Caffeinated gum giving athletes a quick boost
Elite marathoner Tina Muir is gunning for a personal best this December when she toes the line at the California International Marathon in Sacramento. This will be her fifth go at the distance. She continuously works to dial in exactly the training and nutrition approaches that will help her shave precious minutes off the clock. Her latest addition to the regimen? Caffeinated gum.
One of the newer entrants to the burgeoning sports-nutrition market — expected to reach $52 billion by 2020, according to Transparency Market Research — caffeinated gum promises to deliver a faster burst of energy than other ergogenic aids because it doesn’t have to pass through the digestive system. Muir is a believer. “I have tried caffeinated gels before and liked them, but they took a while to take effect,” she says. “It’s tough to wait 10 minutes when you are tired and in need of a boost in the later miles of a race.”
The gum, she says, hits her system right away. “I took the gum at mile 14 of a 20-mile progression run, where I had to continuously pick up my pace,” she explains. “I noticed an immediate, significant difference with the gum. In particular, I was clear-minded and could tackle any doubts I had at that point in the run.”
Muir is experiencing exactly what she should with the gum, says Kristina LaRue, an Orlando-based registered dietitian specializing in sports nutrition. “Caffeine is a well-studied performance enhancer,” she says. “It can make the load feel easier and does help with focus and clarity.”
Up until 2004 the World Anti Doping Agency placed limits on caffeine intake, but it is so ubiquitous that it dropped the limit. It is still, however, banned at the NCAA level.
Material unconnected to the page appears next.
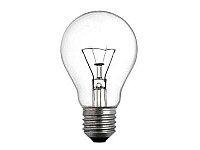Лампа накаливания  А50 230-60 (ГОФРА., груша, А50, Е27, 60Вт,230В, прозрачная) Кратно- 100 шт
Carl Paton, an associate professor at New Zealand’s Eastern Institute of Technology, has conducted three studies on caffeinated gum and its impact on performance in endurance sports. “You get similar effects to gels and tablets, but it’s absorbed faster, and you may not need as big of a dose,” he says.
He concurs on Muir’s also experiencing a mental boost. “Caffeine has the benefit of reducing the perception of fatigue, so you can potentially run harder with it in your system,” he says.
In a 2014 study on the impact of the gum on the race performances of male and female cyclists, Paton found that the biggest gain came in the final 10 kilometers of a 30K time trial. “The gum improved both endurance and sprinting power at the end of the effort, most likely through an increase in nervous system activation,” he says.
A separate study he conducted in 2010 on male cyclists also found that the caffeinated gum delayed fatigue during repeated, high-intensity sprint exercise. In this study, researchers measured testosterone and cortisol concentrations and determined that the gum elevated the former while reducing the latter. Higher levels of testosterone are shown to improve performance, while cortisol is a stress hormone that has been shown to hurt it.
It is for all these reasons that Olympic runner Nick Symmonds developed a caffeinated gum targeted to endurance athletes. He likens his “Run Gum” to an energy drink such as Red Bull, without any of the potential digestive distress that sometimes accompanies such performance aids. “You want to improve performance, but you don’t want to fill up,” he says. “Gum is a better delivery vehicle.”
Like Muir, 52-year-old runner Matt Ingram, of Plano, Texas, is a recent convert to the gum. “I’ve never been a big supplement person,” he says, “but the gum can make the first few steps a little bit easier for me.”
Ingram competes in 400meter and 800-meter masters’ races on the track, with the occasional 5K on the docket in the off-season. “I use the gum both in training and in racing,” he says. “I’ll chew it about 10 to 15 minutes ahead of time and can feel its effects right away.”
For all its upsides, however, Paton cautions athletes that they shouldn’t depend solely on caffeinated gum. “In a major endurance event, you can’t survive on the gum alone,” he says. “You’ll need carbohydrates, too.”